Print each entry as it appears. Images stay out of the copy.

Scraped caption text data

........

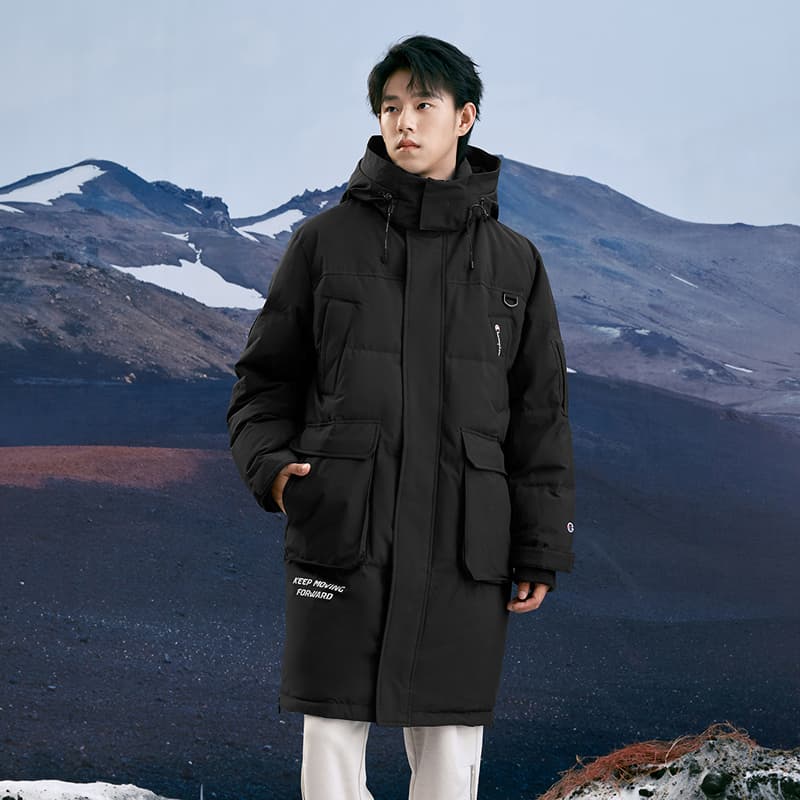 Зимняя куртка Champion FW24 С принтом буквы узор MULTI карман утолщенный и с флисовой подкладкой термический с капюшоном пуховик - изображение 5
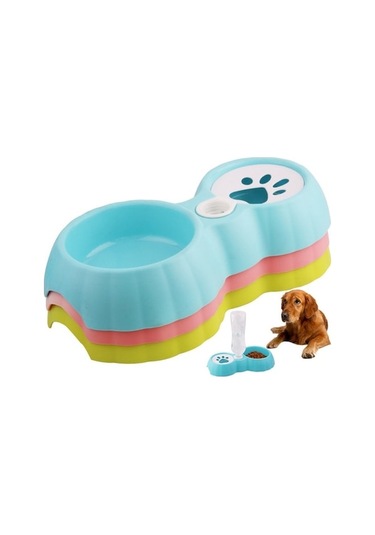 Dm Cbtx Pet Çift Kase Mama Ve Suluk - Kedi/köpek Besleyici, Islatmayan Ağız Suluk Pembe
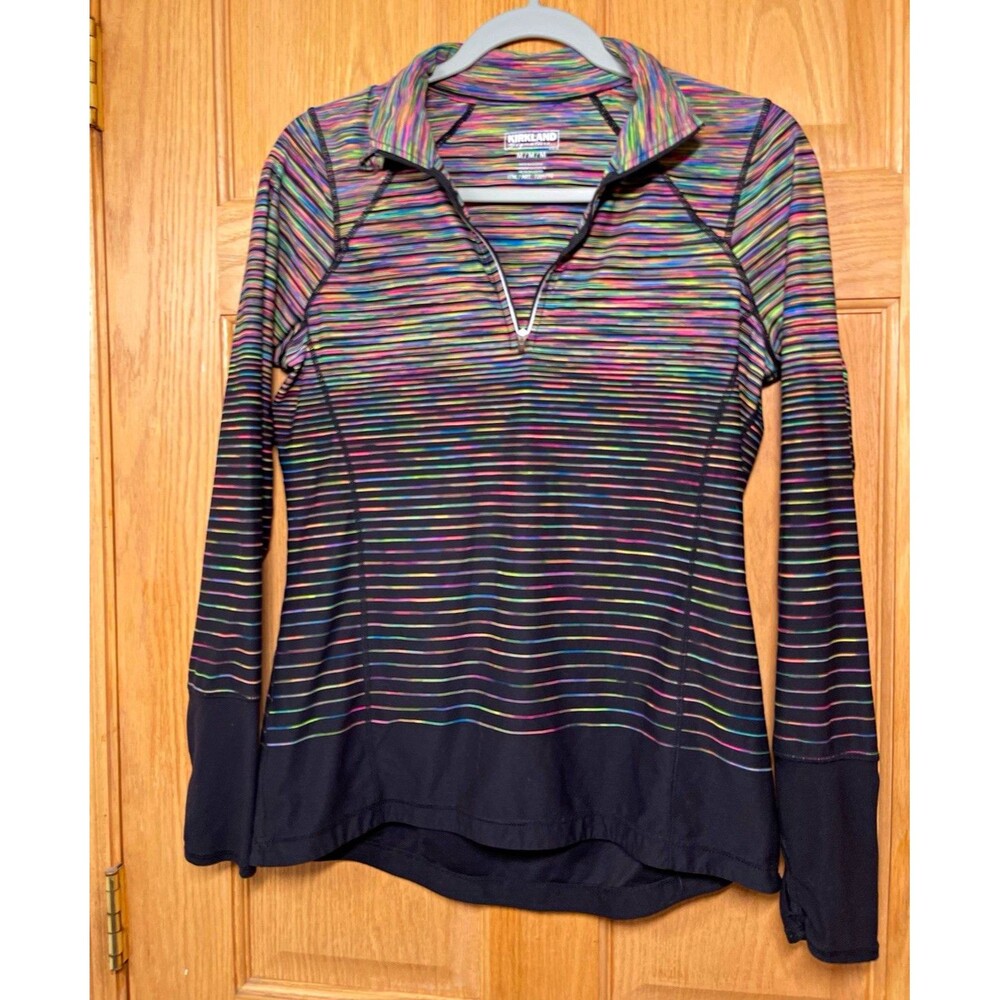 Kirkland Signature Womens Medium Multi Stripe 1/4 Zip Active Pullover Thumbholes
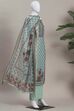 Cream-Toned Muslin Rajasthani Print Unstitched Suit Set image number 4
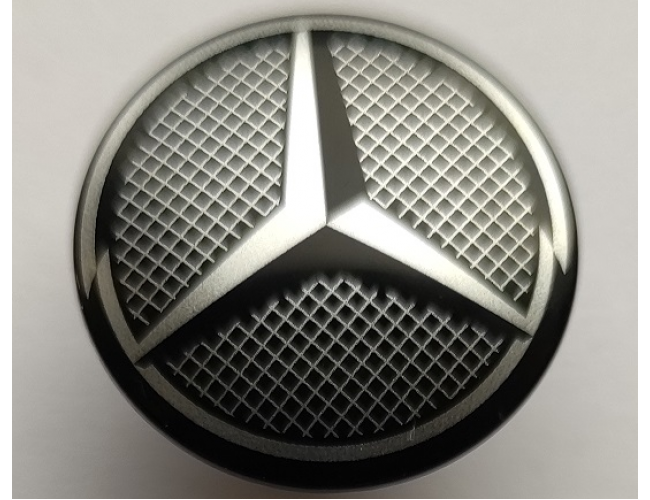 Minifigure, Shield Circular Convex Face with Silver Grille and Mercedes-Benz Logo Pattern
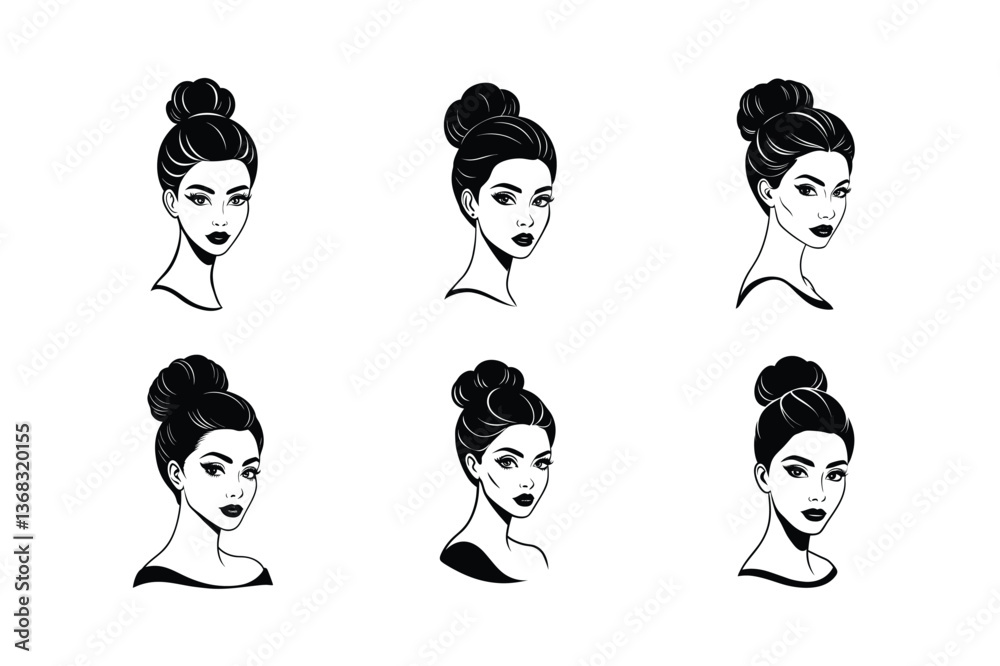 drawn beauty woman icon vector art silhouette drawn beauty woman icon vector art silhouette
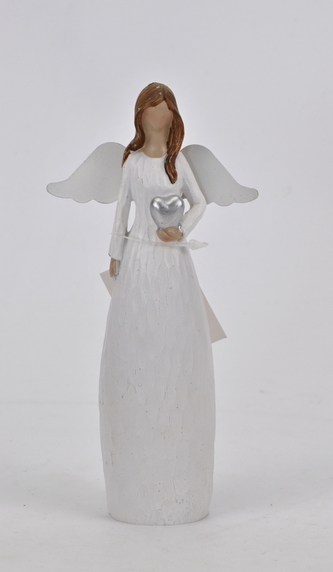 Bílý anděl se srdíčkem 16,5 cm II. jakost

........

ANSWER BOX
 Зимняя куртка Champion FW24 С принтом буквы узор MULTI карман утолщенный и с флисовой подкладкой термический с капюшоном пуховик - изображение 5
 Dm Cbtx Pet Çift Kase Mama Ve Suluk - Kedi/köpek Besleyici, Islatmayan Ağız Suluk Pembe
 Kirkland Signature Womens Medium Multi Stripe 1/4 Zip Active Pullover Thumbholes
 Cream-Toned Muslin Rajasthani Print Unstitched Suit Set image number 4
 Minifigure, Shield Circular Convex Face with Silver Grille and Mercedes-Benz Logo Pattern
 drawn beauty woman icon vector art silhouette drawn beauty woman icon vector art silhouette
 Bílý anděl se srdíčkem 16,5 cm II. jakost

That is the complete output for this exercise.